During the final three weeks of UNL’s Summer Field School in Archaeology – an annual summer course that immerses students in the study of historic sites – the researchers led 10 students in an exploration of what is believed to be the Rush Creek battle site near Broadwater, Neb.

Bleed, a professor in archaeology and geography, Scott, an adjunct professor in archaeology and geography, and another group of students discovered the site at the end of the 2008 Summer Field School.

Rush Creek was a battle that helped ignite the Indian Wars of 1865. Rush Creek was a follow-up to battles pitting a combined group of Native American tribes against settlers and U.S. Army troops at Julesburg, Colo., and Mud Springs. A portion of the 2008 Summer Field School focused on the Mud Springs site, which is also in western Nebraska.

Local residents helped lead the researchers to the possible Rush Creek site. Area landowners gave permission for the UNL team to search for artifacts. After a couple of passes with metal detectors, the research team unearthed a few rounds from atop a small hill.

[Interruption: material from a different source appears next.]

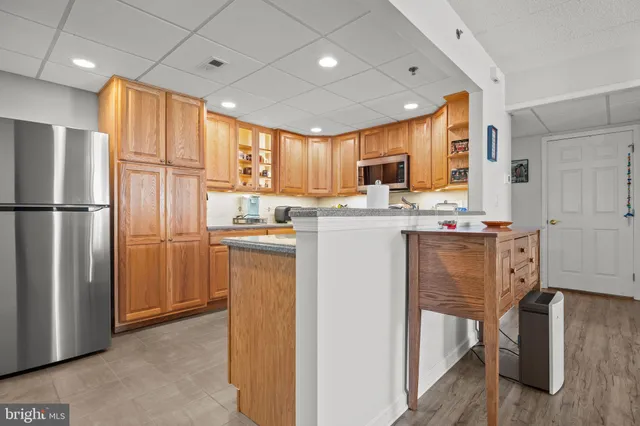 a kitchen with stainless steel appliances granite countertop a refrigerator a sink a stove and a refrigerator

“That got us excited about the potential of this site,” said Bleed. “Of course, it happened on the very last day and we had to wait to see what else was out here.”

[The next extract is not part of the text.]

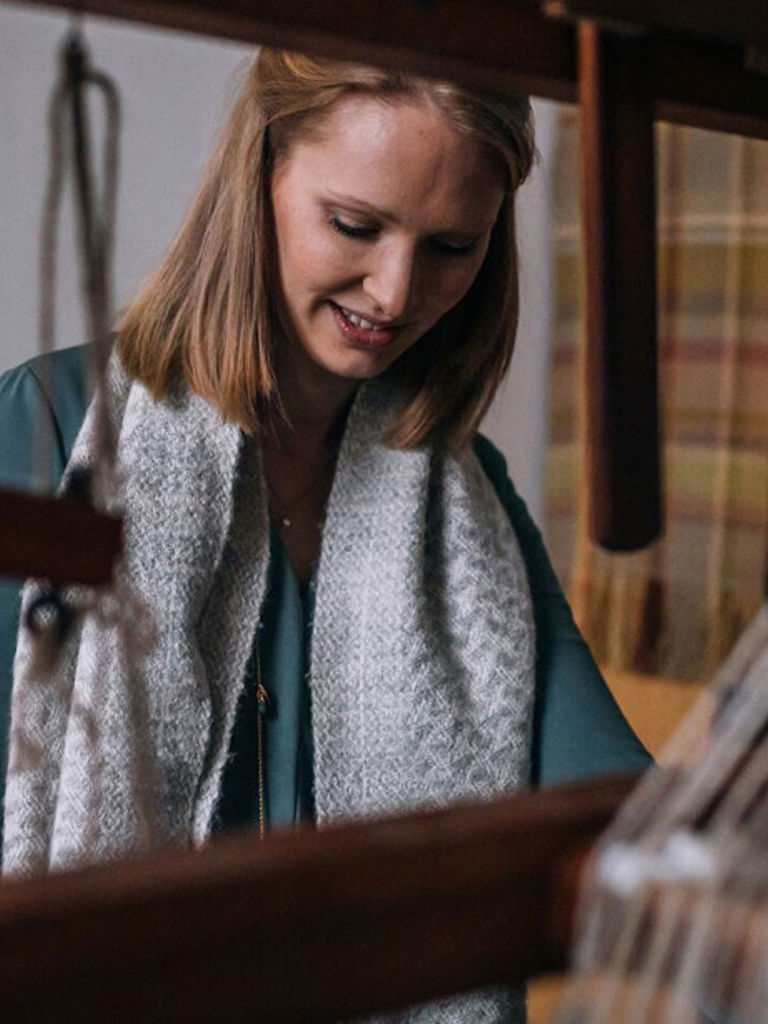 Woman weaving Woman weaving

From June 22 to July 10, the 2009 field school research team probed the site with passes of metal detectors. Each detection site was marked and recorded per archaeological standards – with students digging for the metal pieces and logging the finds by type (ranging from modern soda cans to spent rounds) and exact location on the Global Positioning Systems.

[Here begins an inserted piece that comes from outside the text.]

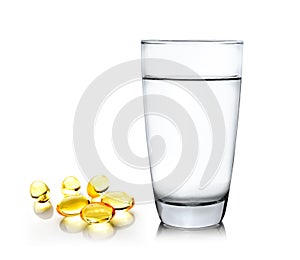 Glass of water and fish oil on white background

Between the 2008 and 2009 summer field seasons, the researchers found more than 225 archaeological pieces that are helping define the Rush Creek battle site.

“Based on what we found, we’re pretty sure that we have the correct location for Rush Creek,” said Bleed. “Now, we need to take what we have found, study the findings and see if we can better define just what happened here in 1865.”

Additional research of the Rush Creek site may be needed. However, Bleed and Scott believe they have enough evidence to have the Rush Creek location marked as a historic site.

— Story and Photos by Troy Fedderson, University Communications

Battle of Rush Creek | Feb. 8-9, 1865

The Rush Creek battle site pitted members of the Cheyenne and Sioux tribes against pursuing U.S. Army forces.

On Feb. 8, 1865, federal forces searching for Native American tribes that attacked Julesburg, Colo., and Mud Springs – an important Nebraska stopping point for settlers – stumbled across the Cheyenne and Sioux in a valley of the North Platte River near the mouth of Rush Creek, near modern day Broadwater, Neb. Today, Rush Creek is known as Cedar Creek.

The federal troops did not observe the Cheyenne and Sioux camp, which was about five miles north. However, as the Army troops approached the river, Cheyenne and Sioux warriors moved to surround their pursuers.

The Cheyenne and Sioux numbers are estimated at about 2,000.

The federal force of 185 soldiers immediately went to work on a defensive position, carving breastworks out of the sandy soil.

The Native American warriors pushed for an immediate advantage, but fell back and held the soldiers in check. Reports from the battle scene include details of hand-to-hand combat, a charge of 16 mounted soldiers and double-shot rounds from a howitzer.

The 2009 UNL Summer Field School group found pieces of at least one cannon shot, numerous shells and a handful of bullets – including a .36 caliber round fired from a pistol.

The two forces continued to skirmish on Feb. 8. The battle ended on Feb. 9.

Federal reports recorded three dead, 16 wounded and seven disabled from frostbite suffered during night marches. The federal report also estimated total Native American losses between 100 and 150. However, that number varied from later reports from George Bent, a former Confederate soldier who grew up a member of the Cheyenne tribe and participated in the Indian Wars of 1865. Bent later remembered no dead and two wounded among the Native Americans.